Extracted information.
▽
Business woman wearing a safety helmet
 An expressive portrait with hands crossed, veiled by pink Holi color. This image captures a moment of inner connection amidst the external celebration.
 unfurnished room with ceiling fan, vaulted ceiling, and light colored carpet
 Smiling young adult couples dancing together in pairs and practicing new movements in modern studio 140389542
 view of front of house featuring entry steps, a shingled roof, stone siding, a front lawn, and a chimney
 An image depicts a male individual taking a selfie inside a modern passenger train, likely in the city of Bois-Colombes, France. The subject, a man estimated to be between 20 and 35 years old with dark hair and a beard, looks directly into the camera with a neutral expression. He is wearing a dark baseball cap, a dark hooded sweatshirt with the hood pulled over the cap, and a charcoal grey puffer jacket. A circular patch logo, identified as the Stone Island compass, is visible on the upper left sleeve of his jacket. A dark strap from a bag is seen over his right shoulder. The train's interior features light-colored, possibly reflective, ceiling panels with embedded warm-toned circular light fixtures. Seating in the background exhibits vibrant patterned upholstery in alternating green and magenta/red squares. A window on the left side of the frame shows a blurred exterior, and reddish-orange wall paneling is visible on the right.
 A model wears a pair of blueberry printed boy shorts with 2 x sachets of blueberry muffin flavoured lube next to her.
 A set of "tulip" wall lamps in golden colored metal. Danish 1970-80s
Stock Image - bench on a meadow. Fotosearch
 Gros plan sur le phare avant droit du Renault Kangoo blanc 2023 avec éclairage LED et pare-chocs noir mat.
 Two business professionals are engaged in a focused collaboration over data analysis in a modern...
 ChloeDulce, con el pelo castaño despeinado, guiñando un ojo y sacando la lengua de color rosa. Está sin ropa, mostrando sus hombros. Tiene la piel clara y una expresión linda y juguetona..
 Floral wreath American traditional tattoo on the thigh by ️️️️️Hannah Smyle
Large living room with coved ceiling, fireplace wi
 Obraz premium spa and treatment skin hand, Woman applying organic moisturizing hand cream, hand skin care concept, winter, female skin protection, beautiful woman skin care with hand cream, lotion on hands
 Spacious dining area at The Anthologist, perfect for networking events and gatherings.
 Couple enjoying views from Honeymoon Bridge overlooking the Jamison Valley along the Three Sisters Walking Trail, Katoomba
△
What the exercise asks.
Please write out the entries exactly, keeping every line intact.

Output for this task.
Business woman wearing a safety helmet
 An expressive portrait with hands crossed, veiled by pink Holi color. This image captures a moment of inner connection amidst the external celebration.
 unfurnished room with ceiling fan, vaulted ceiling, and light colored carpet
 Smiling young adult couples dancing together in pairs and practicing new movements in modern studio 140389542
 view of front of house featuring entry steps, a shingled roof, stone siding, a front lawn, and a chimney
 An image depicts a male individual taking a selfie inside a modern passenger train, likely in the city of Bois-Colombes, France. The subject, a man estimated to be between 20 and 35 years old with dark hair and a beard, looks directly into the camera with a neutral expression. He is wearing a dark baseball cap, a dark hooded sweatshirt with the hood pulled over the cap, and a charcoal grey puffer jacket. A circular patch logo, identified as the Stone Island compass, is visible on the upper left sleeve of his jacket. A dark strap from a bag is seen over his right shoulder. The train's interior features light-colored, possibly reflective, ceiling panels with embedded warm-toned circular light fixtures. Seating in the background exhibits vibrant patterned upholstery in alternating green and magenta/red squares. A window on the left side of the frame shows a blurred exterior, and reddish-orange wall paneling is visible on the right.
 A model wears a pair of blueberry printed boy shorts with 2 x sachets of blueberry muffin flavoured lube next to her.
 A set of "tulip" wall lamps in golden colored metal. Danish 1970-80s
Stock Image - bench on a meadow. Fotosearch
 Gros plan sur le phare avant droit du Renault Kangoo blanc 2023 avec éclairage LED et pare-chocs noir mat.
 Two business professionals are engaged in a focused collaboration over data analysis in a modern...
 ChloeDulce, con el pelo castaño despeinado, guiñando un ojo y sacando la lengua de color rosa. Está sin ropa, mostrando sus hombros. Tiene la piel clara y una expresión linda y juguetona..
 Floral wreath American traditional tattoo on the thigh by ️️️️️Hannah Smyle
Large living room with coved ceiling, fireplace wi
 Obraz premium spa and treatment skin hand, Woman applying organic moisturizing hand cream, hand skin care concept, winter, female skin protection, beautiful woman skin care with hand cream, lotion on hands
 Spacious dining area at The Anthologist, perfect for networking events and gatherings.
 Couple enjoying views from Honeymoon Bridge overlooking the Jamison Valley along the Three Sisters Walking Trail, Katoomba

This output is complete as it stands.